How Ocean Eddies Influence the Intensity of Tropical Cyclones

Tropical cyclones form in regions with high sea surface temperatures and are then driven across the ocean by atmospheric currents. How strong they become depends, among other things, on the conditions they encounter along the way. In general, warm sea surfaces continue to feed energy to the cyclone, while lower water temperatures weaken it. Thus, mesoscale ocean eddies, which can be up to 100 kilometers in size and involve either warm water rotating in cooler water masses or cooler water rotating in warmer waters, can exert a significant influence on the intensity of tropical cyclones. Researchers have already demonstrated this for individual storms—for example, in the case of the devastating Hurricane Katrina, which intensified rapidly over a warm ocean eddy and then weakened over a cold eddy before hitting the US coast in August 2005. However, a systematic and statistical analysis of these interactions on a global scale has been lacking until now.

A study conducted at the Max Planck Institute for Meteorology has revealed, for the first time, the extent to which ocean eddies influence the strength of tropical cyclones on average across the globe using a global storm- and eddy-resolving configuration of the ICON model. In a one-year simulation with a resolution of five kilometers in the ocean and atmosphere, researchers Arjun Kumar, Nils Brüggemann, and Jochem Marotzke analyzed the tropical cyclone tracks over the turbulent world ocean.
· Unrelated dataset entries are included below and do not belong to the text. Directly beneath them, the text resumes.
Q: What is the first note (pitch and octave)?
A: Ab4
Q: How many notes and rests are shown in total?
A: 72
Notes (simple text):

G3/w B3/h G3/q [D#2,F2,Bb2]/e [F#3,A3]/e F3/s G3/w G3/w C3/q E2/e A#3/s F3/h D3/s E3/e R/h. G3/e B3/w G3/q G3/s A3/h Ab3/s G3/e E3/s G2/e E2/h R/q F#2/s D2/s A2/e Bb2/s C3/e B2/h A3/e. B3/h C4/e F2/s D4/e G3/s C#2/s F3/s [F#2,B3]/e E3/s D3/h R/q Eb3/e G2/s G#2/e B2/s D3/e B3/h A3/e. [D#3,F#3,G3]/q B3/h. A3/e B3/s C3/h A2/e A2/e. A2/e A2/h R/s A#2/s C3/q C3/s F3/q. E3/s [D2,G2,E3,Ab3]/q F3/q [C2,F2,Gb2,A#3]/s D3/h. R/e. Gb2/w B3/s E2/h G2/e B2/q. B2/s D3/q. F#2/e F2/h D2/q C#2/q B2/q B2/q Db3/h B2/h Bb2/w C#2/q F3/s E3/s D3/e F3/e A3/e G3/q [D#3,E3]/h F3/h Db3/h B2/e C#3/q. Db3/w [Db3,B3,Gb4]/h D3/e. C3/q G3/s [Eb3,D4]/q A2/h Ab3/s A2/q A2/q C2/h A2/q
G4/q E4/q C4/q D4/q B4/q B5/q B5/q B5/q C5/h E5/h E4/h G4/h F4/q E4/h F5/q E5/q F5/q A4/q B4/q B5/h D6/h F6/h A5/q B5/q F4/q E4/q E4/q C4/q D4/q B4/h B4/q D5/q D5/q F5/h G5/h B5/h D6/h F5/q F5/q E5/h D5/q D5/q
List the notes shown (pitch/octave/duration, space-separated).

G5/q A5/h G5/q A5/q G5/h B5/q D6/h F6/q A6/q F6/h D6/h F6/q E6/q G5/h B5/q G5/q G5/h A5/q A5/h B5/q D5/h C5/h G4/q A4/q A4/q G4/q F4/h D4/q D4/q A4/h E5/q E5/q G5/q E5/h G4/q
“It is not just sometimes that cyclones encounter one or more mesoscale ocean eddies, but in fact it is very common,” says Arjun Kumar, lead author of the study.

The analysis clearly shows that if a cyclone passes over a larger number of cold than warm ocean eddies, it intensifies less quickly on average and also remains weaker overall. Conversely, there is also evidence that cyclones that encounter more warm than cold ocean eddies tend to intensify more quickly and are stronger overall than those that predominantly encounter cold eddies. However, according to the authors, simulations over longer periods of time are needed to verify the second finding.